Posterior reversible encephalopathy syndrome (PRES) is receiving increasing recognition in pediatrics. However, comparisons between PRES in pediatric oncology and post-bone marrow transplantation (BMT) are lacking. Therefore, we aimed to describe the risk factors and clinical and radiological features of PRES and investigate the differences between PRES in pediatric oncology and post-BMT. The PRES data of 13 patients from our center were combined with those of 217 cases from the PubMed, Scopus, and Web of Science databases. The patients were divided into either an oncology or a post-BMT group. We included 230 patients in the analysis, 26.1% of whom belonged to the post-BMT group.
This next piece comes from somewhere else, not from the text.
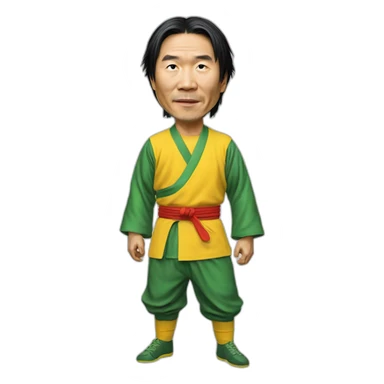 stephen chow shaolin soccer sticker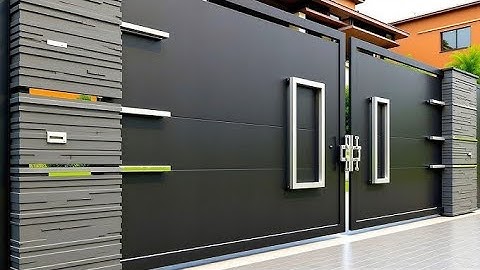 Latest Main Gate For House Design | Iron Gate Sliding Folding Main Gate Foldable|Aluminum Grill Gate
Oncology patients developed PRES at a younger age (p = 0.010) and were more likely to develop encephalopathy (p = 0.004). Systemic hypertension (S-HTN) preceding PRES occurred in 43.5% (66/154) of patients. Post-BMT patients were more likely to have S-HTN (p = 0.003). Cyclosporine levels were detected in 37 patients; 40.5% had supra-therapeutic levels. The radiological findings were atypical in 74.3% of patients, and delayed repeated imaging increased the occurrence of resolution (p = 0.004). Sixteen (7%) patients developed PRES recurrence after a median of 8 weeks, with the between-group difference being non-significant. Oncology patients were more likely to develop chronic epilepsy, while BMT patients were more likely to develop rare neurologic abnormalities (p < 0.001). In conclusion, atypical clinical presentation and imaging findings should not hinder the diagnosis of PRES. S-HTN is a risk factor, particularly in post-BMT patients. Supra-therapeutic levels of cyclosporine and previous exposure to immunosuppression did not increase the risk of recurrence.